In that spirit, I'd like to share a blog post by my friend and co-worker Arnie Alpert, aka New Hampshire Slim, who works on social justice issues for the American Friends Service Committee in that state. The post is from his blog InZaneTimes and is adapted from a talk he gave in observation of Worker's Memorial Day:
An Injury to One is Still an Injury to All
Four years ago, this past Monday a building in Bangladesh called “Rana Plaza” collapsed and came crashing down.
The building housed five garment factories which employed 5000 people.
Brands that were sourcing from the factories in Rana Plaza building include Benetton, Bon Marche, Cato Fashions, The Children’s Place, Walmart, and JC Penney.
The owners ignored warnings about the building’s structural flaws.
The workers did not have a union.
The laws were weak and unenforced.
When the building collapsed, one thousand one hundred and thirty-four workers lost their lives. Thousands more were injured.
The scale of the disaster was so large, and the capacity of NGOs like the International Labor Rights Forum and the Clean Clothes Campaign was strong enough, that even though the workers were unorganized it became possible to pressure the companies and the government to reach agreements for inspections, compensation for affected workers and families, and renovating factories to make them safer.
But workers in Bangladesh still face repression when they try to organize.
That makes reforms hard to defend, especially when workers are inter-changeable pieces in a global supply chain, thousands of miles away from the consumers of the products they make, and several corporate intermediaries away from the firms whose logos they sew onto the apparel they make.
That’s one reason why we need to stand together, as workers, as consumers, as citizens.
One hundred and thirty-one years ago next Monday, hundreds of thousands of American workers went on strike calling for an eight-hour day. (The eight-hour movement followed the earlier ten-hour movement, which was led largely by young women like New Hampshire’s Sara Bagley and conducted in places like Dover, Manchester, Exeter, and Lowell.)

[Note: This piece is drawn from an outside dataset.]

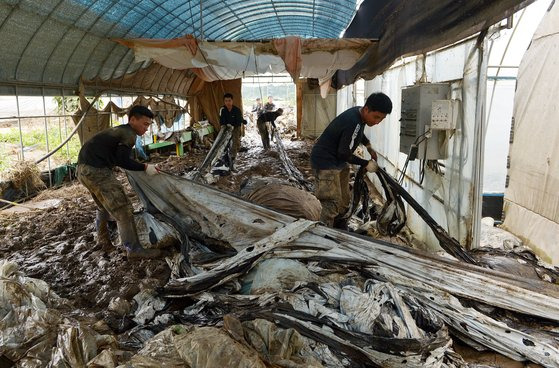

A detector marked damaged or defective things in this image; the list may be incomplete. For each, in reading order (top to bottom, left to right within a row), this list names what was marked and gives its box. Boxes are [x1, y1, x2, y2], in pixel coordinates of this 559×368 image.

broken covering material [115, 35, 374, 83]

In Chicago, at the same time, a strike was going on at the McCormick Reaper plant, whose owner was trying to replace workers with machines. Several days of protest followed the May Day strike. Police killed 2 strikers on May 3. During a rally the next day protesting killings by police, a bomb went off. No one ever knew who was responsible. Several police officers and strikers lost their lives in the violence.
To be brief, Albert Parsons and August Spies, leaders of the eight-hour movement, were blamed, tried, convicted, and executed, despite the lack of any evidence tying them to the violence. (Hanging, not injection of toxic chemicals, was the method used back then.)

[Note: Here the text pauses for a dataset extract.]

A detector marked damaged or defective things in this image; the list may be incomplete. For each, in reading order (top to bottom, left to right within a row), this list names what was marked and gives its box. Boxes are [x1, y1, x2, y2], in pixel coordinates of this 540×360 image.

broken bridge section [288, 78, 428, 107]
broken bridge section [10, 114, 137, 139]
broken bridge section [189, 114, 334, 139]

The following year, May Day was observed in their honor throughout the world and became known as International Workers Day.
In this country, over the past decade or so, International Workers Day has become associated with protests, rallies, strikes, and marches led by immigrant workers. That includes this coming Monday in Manchester, 5 to 7 pm, in Veterans Park.
Why does this matter?
When immigrants are afraid to complain about the toxic chemicals they use to clean our schools or the excessive heat in bakeries, factories, and laundries, the rights of all workers to a safe workplace is threatened.
When immigrants can be scapegoated and threatened with loss of jobs, the rights of all workers are weakened.
When capital can cross borders with barely any restriction, but workers face walls and troops, we have to stand together.
When workers are so desperately poor that they will take jobs that put their lives at risk, we have to stand together.
When the number of people forced to flee their homes dues to violence, climate disruption, and economic desperation is at an all-time high, we have to stand together.
When xenophobic and nativist movements are on the rise the world over, we have to stand together.
When workers anywhere are afraid to organize, we have to stand together.
And when workers do organize, despite the fear, despite the risks, despite the threats, despite the scapegoating, we have to stand with them.
During Workers Memorial Week, we say, injustice anywhere is still a threat to justice everywhere.
We still say, an injury to one is an injury to all.
We still say, Solidarity forever.(I wish I'd said that. Thanks, Arnie!)